Artifact Data Format
This section documents the key name and column layout that the
Risk component expects.
Risk components support the data_sources configuration pattern that lets
you override individual keys with a scalar, DataFrame, or callable without
rebuilding the artifact (see Data sources).
Data keys
The table below lists every data key used by the
Risk component.
Key |
Index columns |
Value columns |
Configurable? |
|---|---|---|---|
|
(scalar) |
A string (e.g., |
Yes - |
|
age, sex, year, parameter |
|
Yes - |
Artifact data shapes
The examples below use the data builders from the
_example_data module; a production artifact
has the same column layout but with real GBD values.
from vivarium_public_health._example_data import risk_exposure_dichotomous
# risk_factor.{name}.exposure - proportion per exposure category.
exposure = risk_exposure_dichotomous(0.6)
print(exposure.query("year_start == 1990 and parameter == 'exposed'").head(4).to_string(index=False))
age_start age_end sex year_start year_end parameter value
0.000000 0.019178 Male 1990 1991 exposed 0.6
0.000000 0.019178 Female 1990 1991 exposed 0.6
0.019178 0.076712 Male 1990 1991 exposed 0.6
0.019178 0.076712 Female 1990 1991 exposed 0.6
Data sources
Risk components support a data_sources configuration pattern that lets
you override individual data keys without rebuilding the artifact. You can
override any key with:
Scalar (int or float) - broadcast a constant value to all simulants.

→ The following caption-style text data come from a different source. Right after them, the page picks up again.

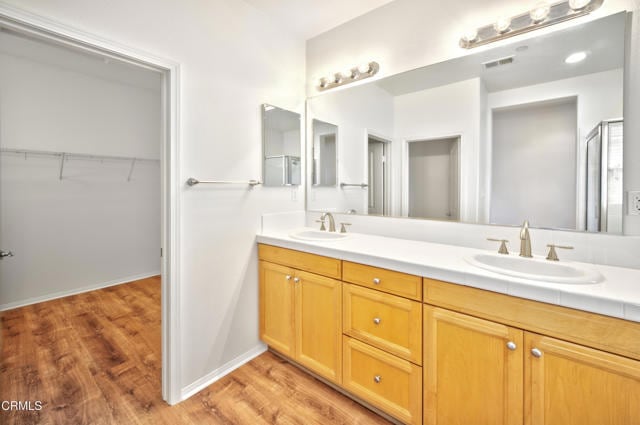 Building Photo - 428 Lakeview Ct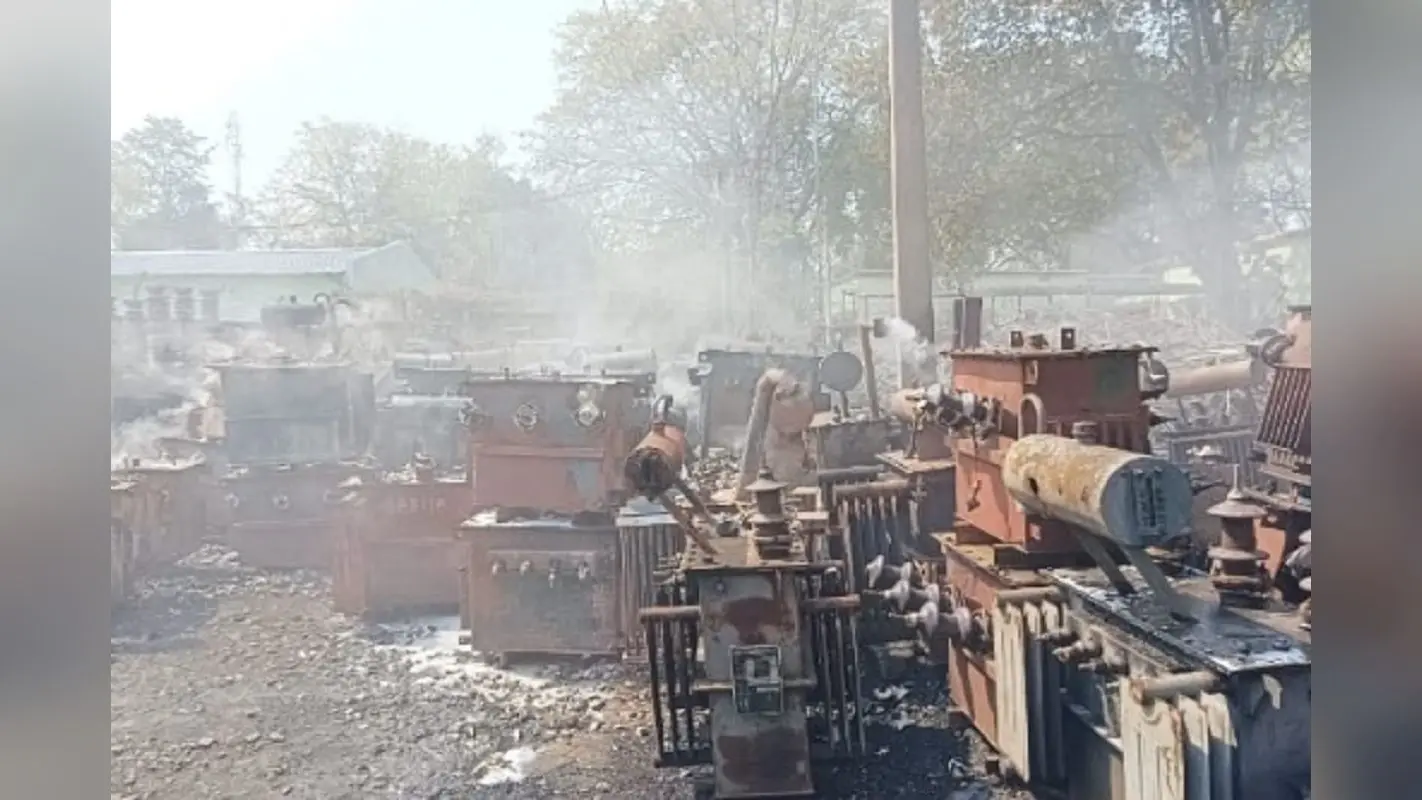 जमशेदपुर के करनडीह बिजली कार्यालय परिसर के स्क्रैप यार्ड में लगी आग, तार व अन्य उपकरण जले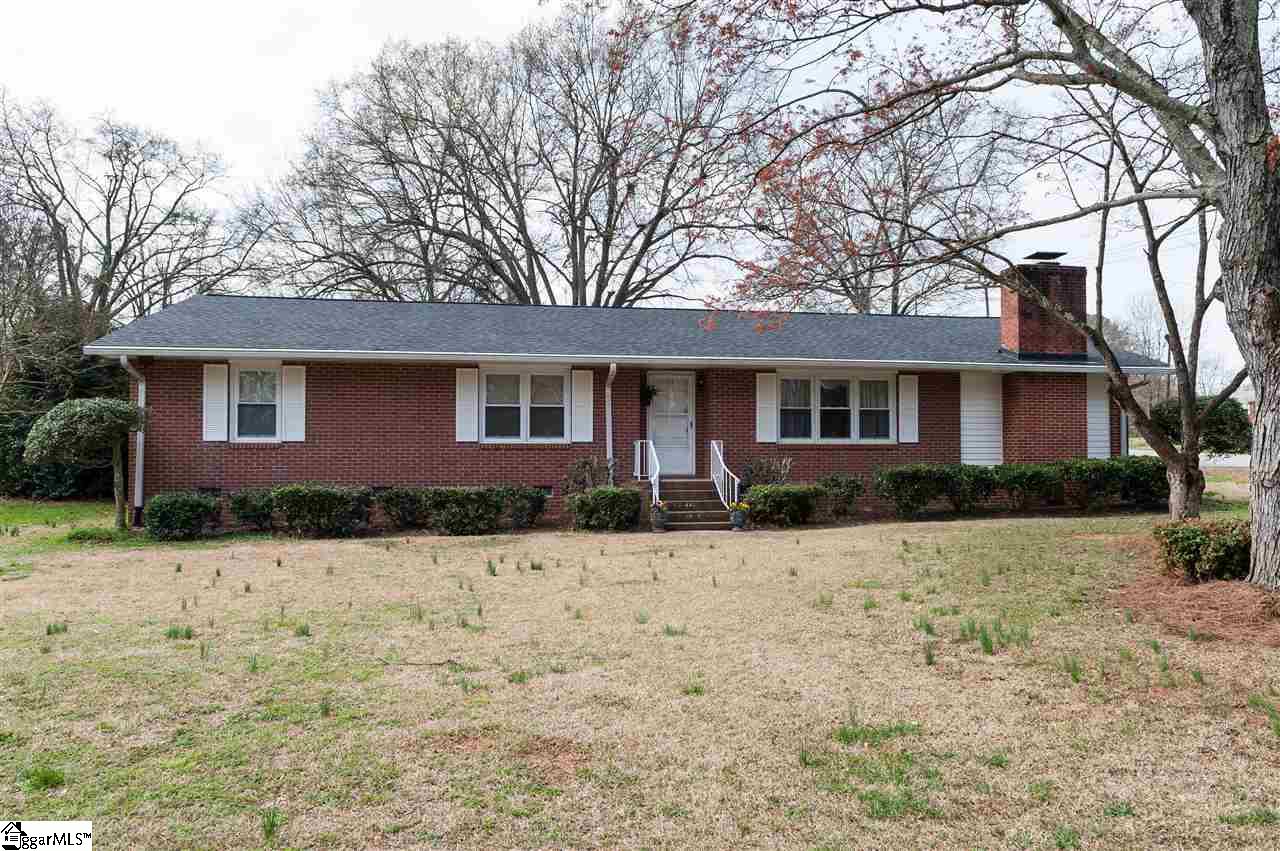 130 State Rd S-42-2249 Boiling Springs, SC 29316 - Photo 1 of 35 Gallery Image 1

DataFrame - use the DataFrame directly.
Callable - call the function at setup time to produce the data.
Artifact key (string) - load a different key from the artifact.
Risk declares a
configurable exposure data source:
# Default configuration (loaded from the artifact):
risk_factor.{name}:
data_sources:
exposure: "risk_factor.{name}.exposure"
distribution_type: "risk_factor.{name}.distribution"

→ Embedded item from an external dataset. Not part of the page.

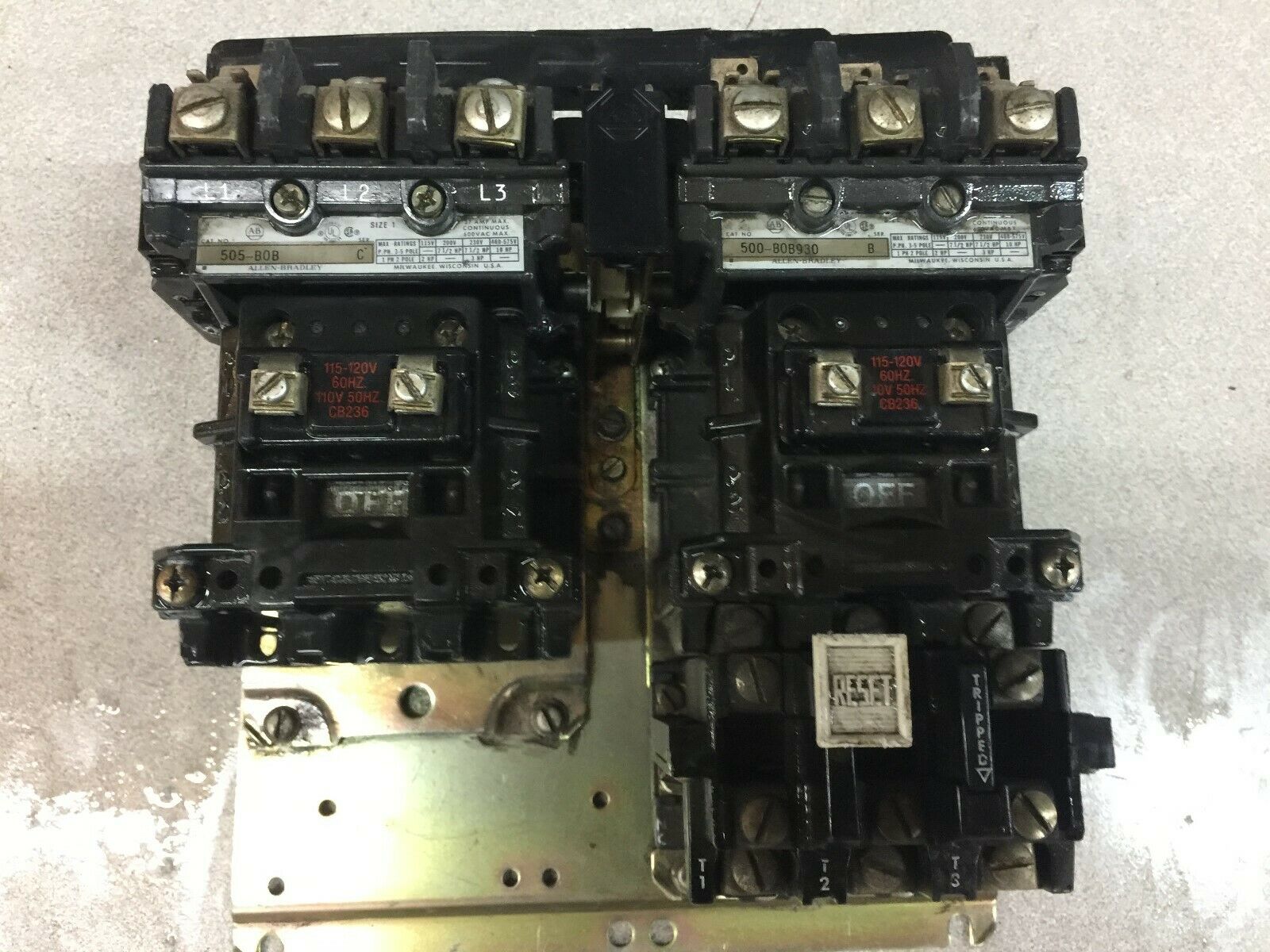 USED ALLEN BRADLEY SIZE 1 3 POLE 120 VAC COIL 27 AMPS 600 VAC REVERSING STARTER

This can be overridden with a scalar in the simulation configuration:
configuration:
risk_factor.{name}:
distribution_type: "dichotomous" # or load from artifact
data_sources:
exposure: 0.6 # scalar, DataFrame, callable, or artifact key
Risk
A Risk component assigns
each simulant an exposure value. In the simplest case - a dichotomous
risk - each simulant falls into one of two categories:
exposed or unexposed. The proportion exposed is determined by the exposure
data source. Each simulant’s propensity (a random value drawn at
initialization) determines whether they are in the exposed group.
Basic example
The simplest risk model sets everyone to exposed:
config = make_base_config()
config.update(
{
"population": {"population_size": 1_000},
"mortality": {"data_sources": {"all_cause_mortality_rate": 0}},
"risk_factor.test_risk": {
"distribution_type": "dichotomous",
"data_sources": {"exposure": 1.0},
},
},
layer="override",
)
sim = InteractiveContext(
components=[
BasePopulation(),
Risk("risk_factor.test_risk"),
],
configuration=config,
plugin_configuration=base_plugins,
)
pop = sim.get_population(["test_risk.exposure"])
# With exposure=1.0, all simulants are in the exposed category.
print(f"All exposed: {(pop['test_risk.exposure'] == 'exposed').all()}")
All exposed: True
Partial exposure
When the exposure proportion is less than 1, some simulants will be exposed and others unexposed. The split is determined by each simulant’s propensity draw:
config = make_base_config()
config.update(
{
"population": {"population_size": 10_000},
"mortality": {"data_sources": {"all_cause_mortality_rate": 0}},
"risk_factor.test_risk": {
"distribution_type": "dichotomous",
"data_sources": {"exposure": 0.4},
},
},
layer="override",
)
sim = InteractiveContext(
components=[
BasePopulation(),
Risk("risk_factor.test_risk"),
],
configuration=config,
plugin_configuration=base_plugins,
)
pop = sim.get_population(["test_risk.exposure"])
n_exposed = (pop["test_risk.exposure"] == "exposed").sum()
proportion = n_exposed / len(pop)
# Approximately 40% should be exposed.
print(f"Proportion exposed near 0.4: {np.isclose(proportion, 0.4, atol=0.02)}")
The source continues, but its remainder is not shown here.